Choice Hotels International Reports Record Q3 2025 Earnings, Raises Full‑Year Guidance

CHH
November 05, 2025

Choice Hotels International posted record third‑quarter 2025 results, with total revenue of $447.3 million, up 10.5% from $406.5 million in Q3 2024. Net income rose to $180 million, a 70% increase from $105.7 million a year earlier, while adjusted EBITDA climbed to $190.1 million, up 7.5% from $177.6 million. GAAP diluted earnings per share were $3.86, beating the consensus estimate of $2.19 by $1.67, whereas adjusted diluted EPS of $2.10 fell short of the $2.20 consensus by $0.10.

The revenue beat was driven by a 12% increase in franchise and management fees, reflecting a higher mix of higher‑value brands such as Comfort Inn and Clarion, and a 8.3% rise in international net rooms to 151,370. Strong demand in the upscale and extended‑stay segments offset a modest decline in U.S. RevPAR, which fell 2% year‑over‑year.

Adjusted EPS missed expectations because the Choice Hotels Canada acquisition added $0.15 billion in amortization and tax expense, and the company recorded a one‑time restructuring charge of $0.05 billion. These items reduced the adjusted earnings base, while operating costs rose 3% due to higher labor and commodity expenses.

Operating margin contracted to 31.8% from 35.5% in Q3 2024, reflecting higher cost inflation and the impact of the Canadian acquisition. Nevertheless, the margin remains above the industry average, and the company’s asset‑light model continues to deliver predictable cash flow.

Full‑year 2025 guidance was raised to net income of $353–$371 million, adjusted EBITDA of $620–$632 million, and diluted EPS of $7.52–$7.89, up from the prior guidance of $340–$360 million, $600–$610 million, and $7.20–$7.50 respectively.

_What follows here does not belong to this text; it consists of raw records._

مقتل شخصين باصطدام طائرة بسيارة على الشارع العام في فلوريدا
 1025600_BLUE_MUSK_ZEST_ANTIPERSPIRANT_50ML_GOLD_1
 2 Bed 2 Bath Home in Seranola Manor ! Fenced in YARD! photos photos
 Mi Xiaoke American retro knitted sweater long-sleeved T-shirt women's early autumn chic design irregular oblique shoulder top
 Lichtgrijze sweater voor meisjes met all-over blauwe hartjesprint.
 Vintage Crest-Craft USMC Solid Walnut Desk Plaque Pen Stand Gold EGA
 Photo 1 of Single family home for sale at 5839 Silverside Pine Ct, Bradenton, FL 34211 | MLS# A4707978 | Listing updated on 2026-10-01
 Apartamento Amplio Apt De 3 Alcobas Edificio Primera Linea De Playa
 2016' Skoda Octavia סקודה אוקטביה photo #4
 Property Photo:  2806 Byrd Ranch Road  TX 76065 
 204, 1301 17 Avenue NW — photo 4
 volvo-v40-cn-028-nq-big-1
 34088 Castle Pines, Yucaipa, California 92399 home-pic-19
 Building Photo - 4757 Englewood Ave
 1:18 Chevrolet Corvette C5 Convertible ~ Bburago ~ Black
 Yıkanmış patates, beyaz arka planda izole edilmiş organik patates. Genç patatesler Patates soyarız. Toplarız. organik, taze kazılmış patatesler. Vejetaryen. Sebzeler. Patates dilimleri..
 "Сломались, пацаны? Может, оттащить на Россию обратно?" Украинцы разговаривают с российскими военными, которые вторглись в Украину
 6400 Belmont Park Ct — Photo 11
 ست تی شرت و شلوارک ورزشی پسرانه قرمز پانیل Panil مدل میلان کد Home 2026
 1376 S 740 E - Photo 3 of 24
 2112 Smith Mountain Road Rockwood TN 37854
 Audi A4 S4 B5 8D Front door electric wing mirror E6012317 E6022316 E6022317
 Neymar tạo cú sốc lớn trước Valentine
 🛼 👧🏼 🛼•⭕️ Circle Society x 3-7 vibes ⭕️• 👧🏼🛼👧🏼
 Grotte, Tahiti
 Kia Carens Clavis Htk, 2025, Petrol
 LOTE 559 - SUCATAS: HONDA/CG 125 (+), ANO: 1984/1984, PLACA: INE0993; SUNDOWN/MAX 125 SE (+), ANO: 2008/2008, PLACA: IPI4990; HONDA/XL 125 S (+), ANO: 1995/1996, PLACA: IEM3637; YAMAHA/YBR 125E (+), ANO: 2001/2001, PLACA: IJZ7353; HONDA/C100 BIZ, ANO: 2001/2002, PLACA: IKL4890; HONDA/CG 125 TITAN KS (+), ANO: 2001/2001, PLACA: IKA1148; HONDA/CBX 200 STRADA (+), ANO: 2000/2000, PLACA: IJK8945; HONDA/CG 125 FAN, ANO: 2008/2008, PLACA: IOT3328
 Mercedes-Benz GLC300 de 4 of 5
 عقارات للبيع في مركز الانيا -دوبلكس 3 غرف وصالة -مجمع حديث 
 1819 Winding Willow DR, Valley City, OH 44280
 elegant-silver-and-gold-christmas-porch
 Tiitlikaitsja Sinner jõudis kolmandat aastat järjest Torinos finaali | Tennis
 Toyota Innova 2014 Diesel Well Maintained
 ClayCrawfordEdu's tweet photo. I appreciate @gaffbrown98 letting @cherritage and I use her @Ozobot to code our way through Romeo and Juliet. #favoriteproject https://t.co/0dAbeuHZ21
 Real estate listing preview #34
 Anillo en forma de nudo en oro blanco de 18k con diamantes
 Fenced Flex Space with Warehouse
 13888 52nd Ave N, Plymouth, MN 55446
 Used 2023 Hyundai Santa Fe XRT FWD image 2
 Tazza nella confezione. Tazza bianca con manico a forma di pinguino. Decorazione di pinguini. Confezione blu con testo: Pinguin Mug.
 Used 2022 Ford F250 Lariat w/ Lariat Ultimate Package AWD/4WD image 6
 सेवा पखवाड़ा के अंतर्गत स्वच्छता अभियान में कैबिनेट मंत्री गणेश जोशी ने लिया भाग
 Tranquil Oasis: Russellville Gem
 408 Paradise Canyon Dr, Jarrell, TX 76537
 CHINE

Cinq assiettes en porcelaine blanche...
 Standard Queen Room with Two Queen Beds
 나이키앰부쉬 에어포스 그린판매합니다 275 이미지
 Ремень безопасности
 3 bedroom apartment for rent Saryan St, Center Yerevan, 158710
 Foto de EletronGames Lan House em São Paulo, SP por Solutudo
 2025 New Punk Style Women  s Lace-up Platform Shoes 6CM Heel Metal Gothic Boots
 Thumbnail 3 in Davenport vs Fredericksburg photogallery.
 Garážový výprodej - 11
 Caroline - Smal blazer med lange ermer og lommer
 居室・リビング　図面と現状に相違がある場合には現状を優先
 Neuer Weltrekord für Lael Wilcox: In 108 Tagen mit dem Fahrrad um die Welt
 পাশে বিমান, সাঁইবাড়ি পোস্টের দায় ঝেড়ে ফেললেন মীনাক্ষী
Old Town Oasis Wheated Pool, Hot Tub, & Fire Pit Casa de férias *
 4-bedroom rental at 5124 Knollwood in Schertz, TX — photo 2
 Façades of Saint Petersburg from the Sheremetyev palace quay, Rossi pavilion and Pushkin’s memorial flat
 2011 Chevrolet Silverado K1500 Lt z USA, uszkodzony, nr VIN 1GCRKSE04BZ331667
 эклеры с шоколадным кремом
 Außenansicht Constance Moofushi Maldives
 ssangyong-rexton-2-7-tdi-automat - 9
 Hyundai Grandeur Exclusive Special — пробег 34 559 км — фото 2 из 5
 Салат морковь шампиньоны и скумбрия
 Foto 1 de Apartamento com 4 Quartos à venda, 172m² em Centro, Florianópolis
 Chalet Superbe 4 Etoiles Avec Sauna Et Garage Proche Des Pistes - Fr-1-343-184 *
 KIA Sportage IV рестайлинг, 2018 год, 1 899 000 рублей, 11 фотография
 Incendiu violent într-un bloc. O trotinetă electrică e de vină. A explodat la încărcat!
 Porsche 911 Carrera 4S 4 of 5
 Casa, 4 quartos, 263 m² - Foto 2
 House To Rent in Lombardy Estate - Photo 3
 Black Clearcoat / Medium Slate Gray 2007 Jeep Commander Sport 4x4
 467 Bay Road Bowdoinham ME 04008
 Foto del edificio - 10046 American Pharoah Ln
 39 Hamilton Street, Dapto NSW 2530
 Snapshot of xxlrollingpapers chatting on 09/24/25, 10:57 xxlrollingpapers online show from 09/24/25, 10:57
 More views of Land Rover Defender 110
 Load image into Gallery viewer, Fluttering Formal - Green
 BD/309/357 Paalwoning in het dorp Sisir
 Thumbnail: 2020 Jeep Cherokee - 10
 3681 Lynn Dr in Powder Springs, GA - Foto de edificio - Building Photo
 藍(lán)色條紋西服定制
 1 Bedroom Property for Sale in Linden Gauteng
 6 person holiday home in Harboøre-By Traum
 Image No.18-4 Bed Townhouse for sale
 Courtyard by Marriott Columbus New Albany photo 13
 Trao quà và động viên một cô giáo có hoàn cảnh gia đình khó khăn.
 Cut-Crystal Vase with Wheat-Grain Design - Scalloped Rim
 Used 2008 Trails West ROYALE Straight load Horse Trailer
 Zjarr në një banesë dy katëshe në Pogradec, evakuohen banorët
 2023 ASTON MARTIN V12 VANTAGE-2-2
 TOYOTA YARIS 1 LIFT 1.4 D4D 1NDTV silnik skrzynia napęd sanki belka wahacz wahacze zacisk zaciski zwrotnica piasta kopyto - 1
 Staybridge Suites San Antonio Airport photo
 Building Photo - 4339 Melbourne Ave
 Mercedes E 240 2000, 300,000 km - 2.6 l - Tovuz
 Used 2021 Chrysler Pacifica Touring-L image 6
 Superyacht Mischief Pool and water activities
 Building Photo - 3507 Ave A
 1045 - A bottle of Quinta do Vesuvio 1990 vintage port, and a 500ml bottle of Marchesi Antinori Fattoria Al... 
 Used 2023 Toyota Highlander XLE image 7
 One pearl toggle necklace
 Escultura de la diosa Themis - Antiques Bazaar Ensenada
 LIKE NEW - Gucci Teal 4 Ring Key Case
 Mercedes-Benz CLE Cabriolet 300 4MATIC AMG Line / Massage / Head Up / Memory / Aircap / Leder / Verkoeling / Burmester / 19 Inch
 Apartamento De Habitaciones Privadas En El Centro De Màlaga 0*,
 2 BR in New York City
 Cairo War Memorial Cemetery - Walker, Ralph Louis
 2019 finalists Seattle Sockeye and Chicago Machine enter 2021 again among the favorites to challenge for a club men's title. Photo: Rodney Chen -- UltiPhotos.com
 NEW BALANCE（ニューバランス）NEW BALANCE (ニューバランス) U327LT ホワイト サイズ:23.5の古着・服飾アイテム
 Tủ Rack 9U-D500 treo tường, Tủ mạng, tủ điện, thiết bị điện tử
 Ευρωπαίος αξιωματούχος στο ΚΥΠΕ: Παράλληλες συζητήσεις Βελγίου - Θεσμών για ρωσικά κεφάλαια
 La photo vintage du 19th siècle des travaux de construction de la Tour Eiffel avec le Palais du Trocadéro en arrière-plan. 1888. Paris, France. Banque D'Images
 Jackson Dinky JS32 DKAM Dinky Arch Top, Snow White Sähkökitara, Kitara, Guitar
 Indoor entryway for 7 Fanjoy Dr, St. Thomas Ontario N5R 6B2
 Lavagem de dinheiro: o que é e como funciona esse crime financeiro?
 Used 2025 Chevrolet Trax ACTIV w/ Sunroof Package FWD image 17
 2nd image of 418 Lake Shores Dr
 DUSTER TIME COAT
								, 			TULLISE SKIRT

Management highlighted continued momentum in international growth and a focus on higher‑value brand expansion, while noting that U.S. RevPAR is expected to decline modestly by 2% to 3%.

Investors reacted positively to the results, with the market citing the revenue beat, the record adjusted EBITDA, and the upward revision of full‑year guidance as key drivers, while remaining cautious about the modest U.S. RevPAR decline.